10. Neil Young, "Prairie Wind," Reprise. The hippie icon suffered a brain aneurysm this year, forcing him to take stock of his life. The result was this magical disc that also was the final record in his "Harvest" trilogy. Young eloquently shared memories, adding horns, strings, and the celestial voice of Emmylou Harris to make it timeless.
10. Sufjan Stevens, "Illinois," Asthmatic Kitty. It was creativity unbound for Stevens, whose lo-fi indie-rock cut across many genres with glee and depth. He paid a quirky but well-researched homage to the state of Illinois, using it as a way to mark universal truths.
10. Audioslave, "Out of Exile," Interscope. The title was prophetic. Audioslave was coming out of a tough period in which the band's music wasn't measuring up to that of the members' previous groups, Rage Against the Machine and Soundgarden. On this sophomore album, they found the right blend, yielding huge hits in "Be Yourself" and "Doesn't Remind Me."
10. The Darkness, "One Way Ticket to Hell ... And Back," Atlantic. The tongue-in-cheek Brits nearly imploded from the weight of their early success. But they righted the ship with this hard-rocking effort that threw around enough satire to fill a boxed set and was anchored by Justin Hawkins' son-of-Freddie Mercury vocals.

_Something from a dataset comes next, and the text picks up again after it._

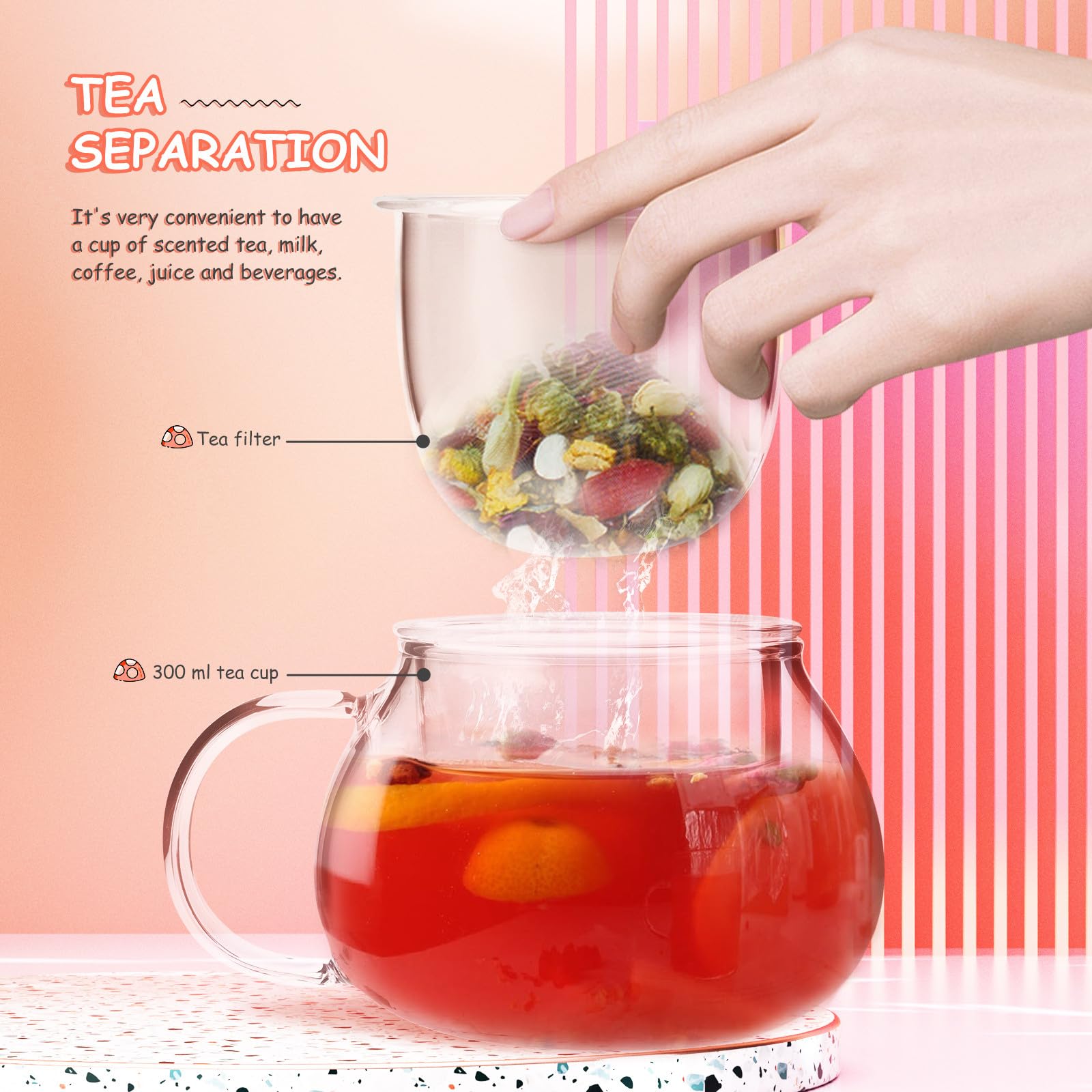 COLLBATH Teetassen Satz Niedliches Design 300ml Fassungsvermögen Pilzförmiges aus Keramik und Glas mit Tee Infuser Hitzebeständig für Zuhause und Büro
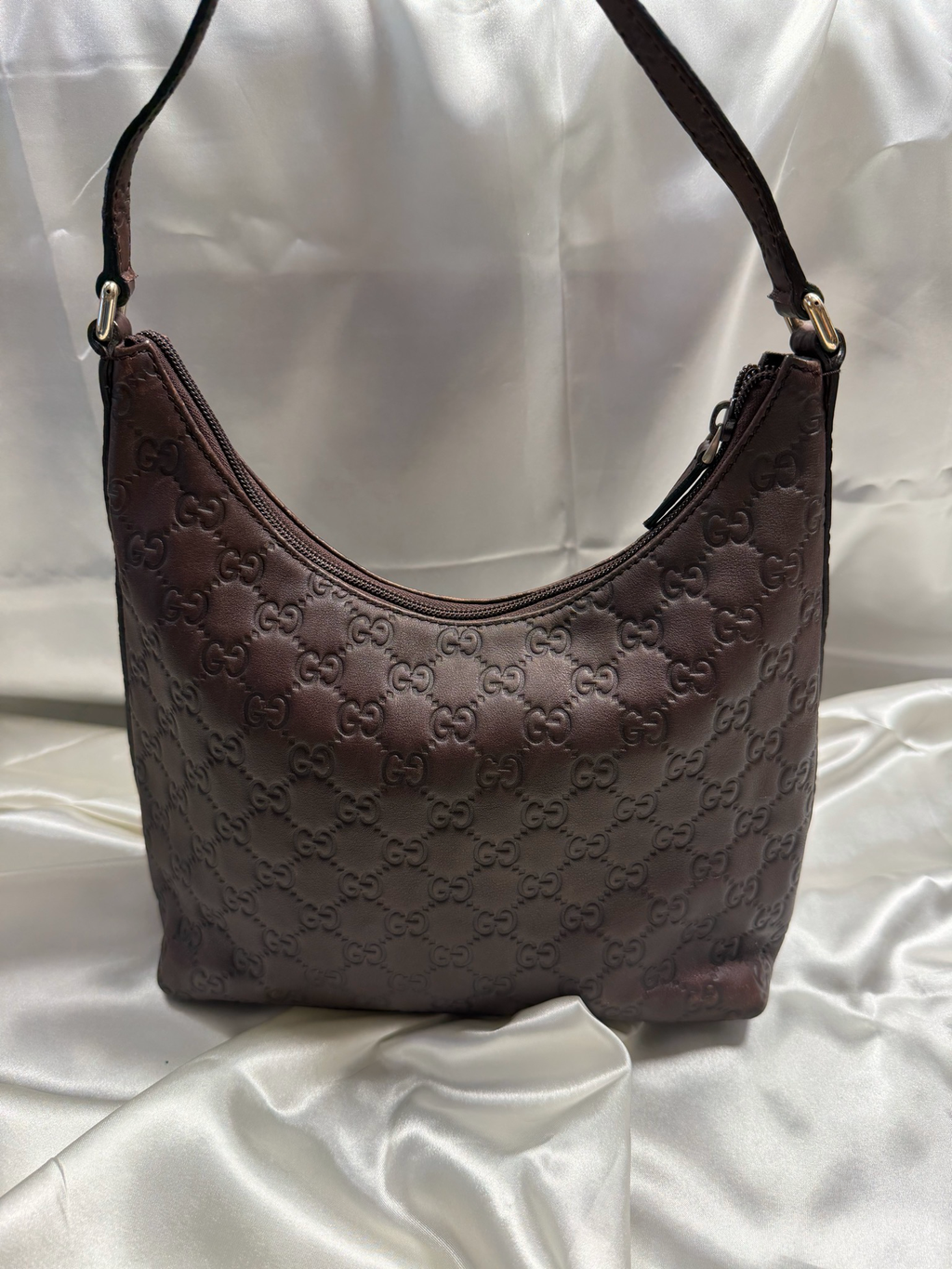 Gucci Monogram Guccissima Hobo Zipper Shoulder in Dark Brown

10. Lee Ann Womack, "There's More Where That Came From," MCA Nashville. In linking to the country-pop sound of Loretta Lynn, Barbara Mandrell, and other tell-it-like-it-is women, Womack made history sound fresh. And nothing was more candid than her song, "Twenty Years and Two Husbands Ago."
10. My Morning Jacket, "Z," Badman. The Kentucky band performed Lynyrd Skynyrd's "Free Bird" in the awful movie "Elizabethtown," but don't judge them by that. This album has a haunting, neo-psychedelic feel that made for a late-night, reverb-drenched journey into the soul.
10. Rolling Stones, "A Bigger Bang," Virgin. How old are these guys? It didn't matter once Jagger and Richards regrouped again. Their writing was more intimate, their sound more spare, and when a healed Charlie Watts came back into the picture, the songs really took off.
10. Ry Cooder, "Chavez Ravine," Nonesuch. A remarkable album about the human toll exacted when the city of Los Angeles bulldozed the Latino neighborhood of Chavez Ravine to make way for Dodger Stadium. It didn't have the success of his "Buena Vista Social Club" project, but its ambition and execution were just as noble.
10. Bettye LaVette,cq "I've Got My Own Hell to Raise," Anti. The year's feel-good moment might have been the rediscovery of this classic-soul artist. The Detroit-raised LaVette flashed the power of a long-lost Tina Turner -- and her intimate adaptation of songs by everyone from Lucinda Williams to Dolly Parton was spellbinding.
10. Dave Matthews Band, "Stand Up," RCA. Not all Dave fans dug it, but he stepped up his songwriting with hip-hop producer Mark Batson (Eminem, 50 Cent) and moved easily from Southern funk to Nirvana-esque hard-rock. Matthews was open to new ideas, and this had plenty of them.